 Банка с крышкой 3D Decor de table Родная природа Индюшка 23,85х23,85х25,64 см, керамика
* * *
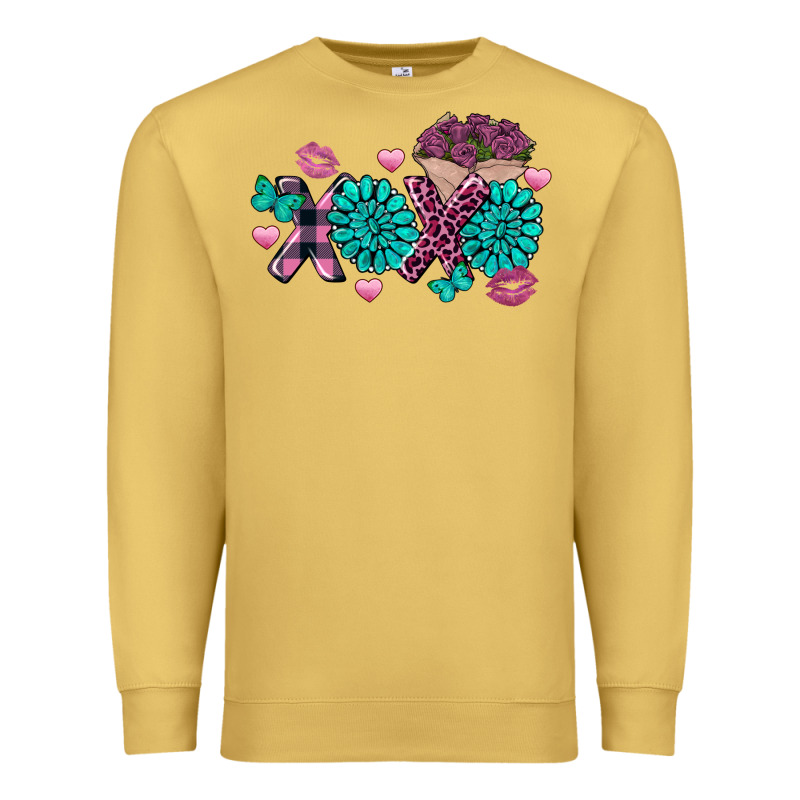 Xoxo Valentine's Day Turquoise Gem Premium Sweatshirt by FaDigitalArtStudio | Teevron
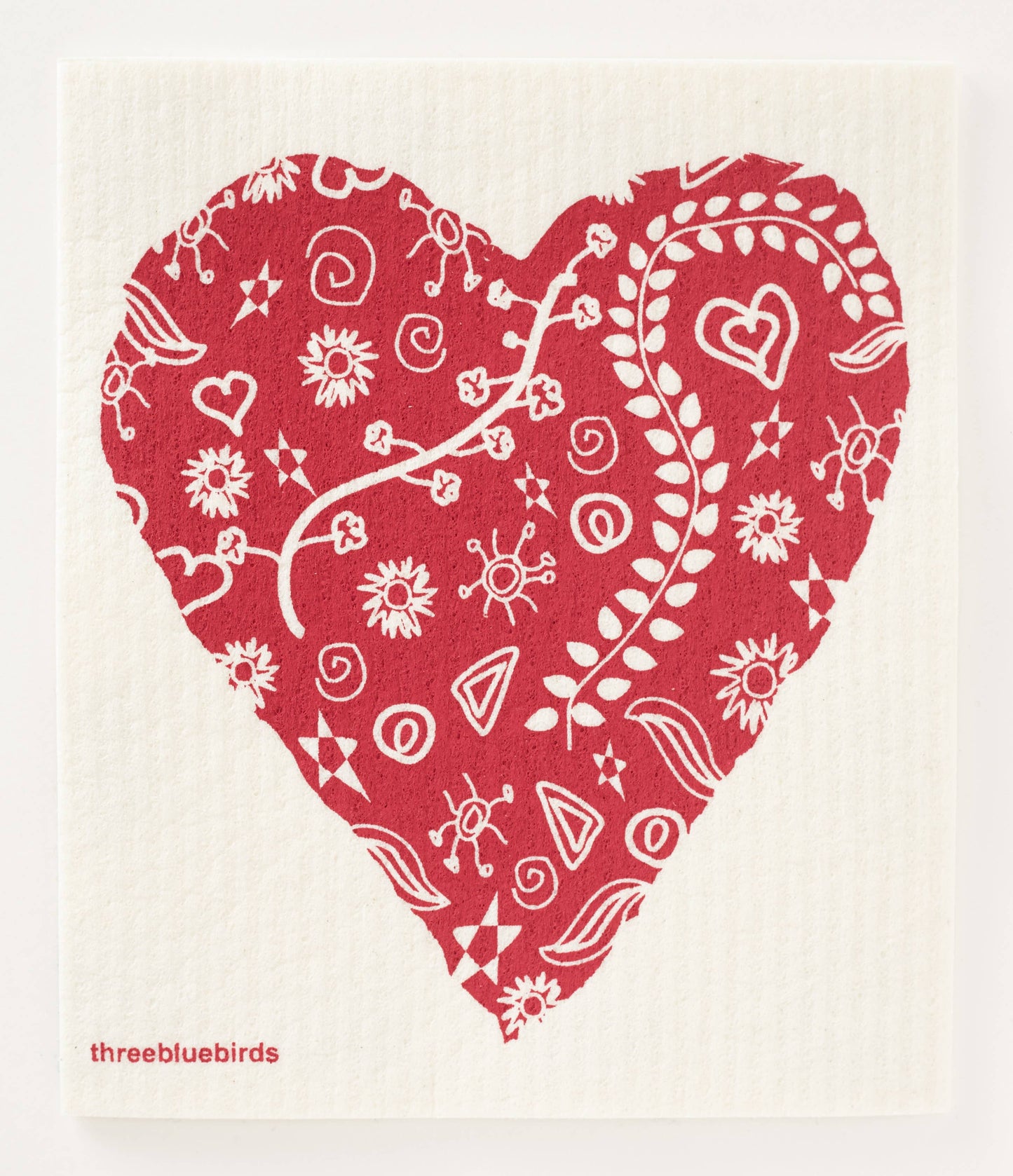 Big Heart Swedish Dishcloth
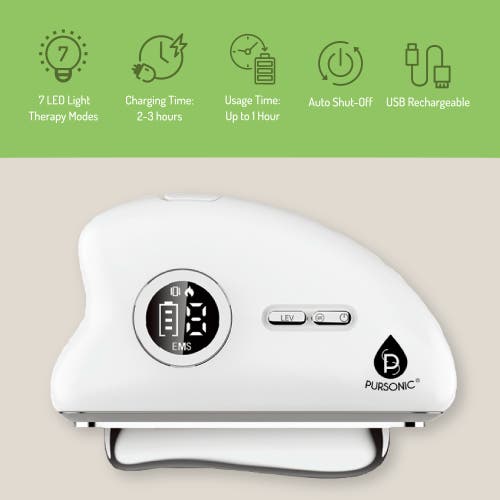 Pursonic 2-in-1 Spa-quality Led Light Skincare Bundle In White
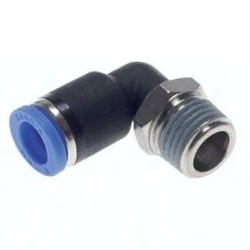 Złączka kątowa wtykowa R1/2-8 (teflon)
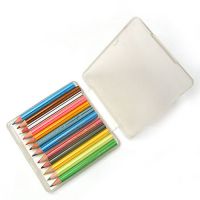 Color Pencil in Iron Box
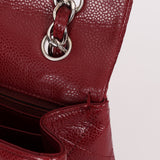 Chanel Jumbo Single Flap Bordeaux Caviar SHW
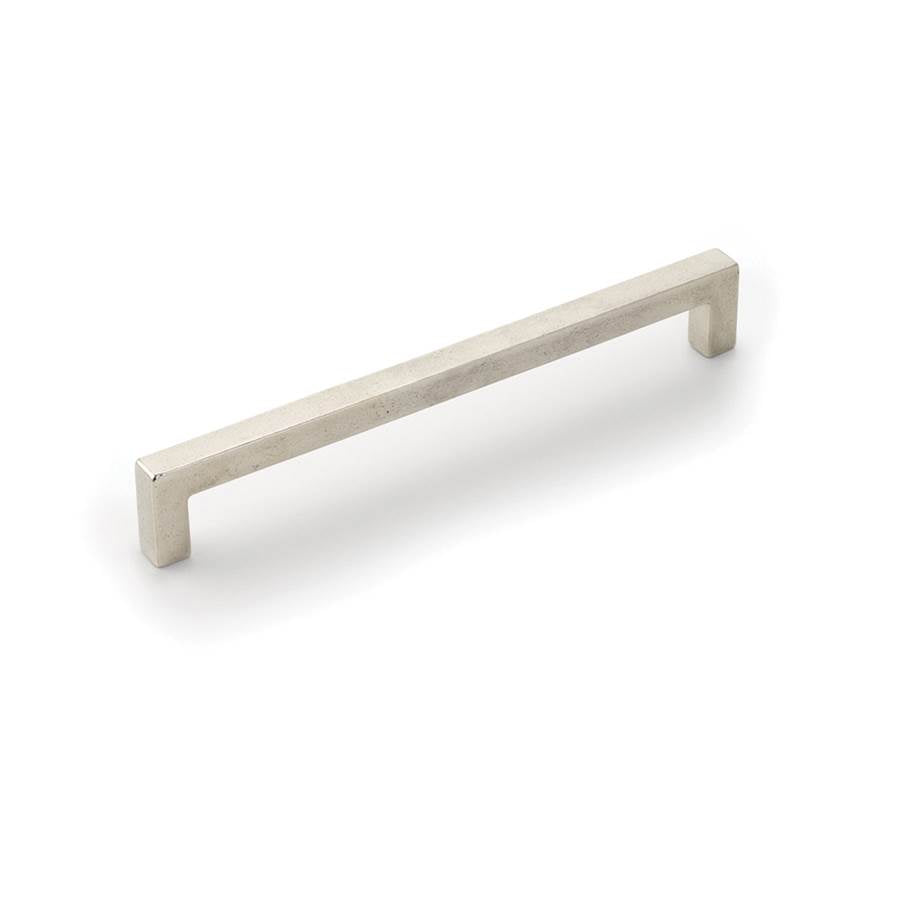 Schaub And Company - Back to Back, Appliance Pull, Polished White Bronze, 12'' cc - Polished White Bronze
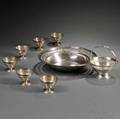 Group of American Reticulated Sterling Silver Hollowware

Problem to work on —
What lines above run from the one with "Schaub And Company" to the one with "Group of American"? Give them again exactly, ends included, and leave the pictures out.

Reply to the task —
 Schaub And Company - Back to Back, Appliance Pull, Polished White Bronze, 12'' cc - Polished White Bronze
 Group of American Reticulated Sterling Silver Hollowware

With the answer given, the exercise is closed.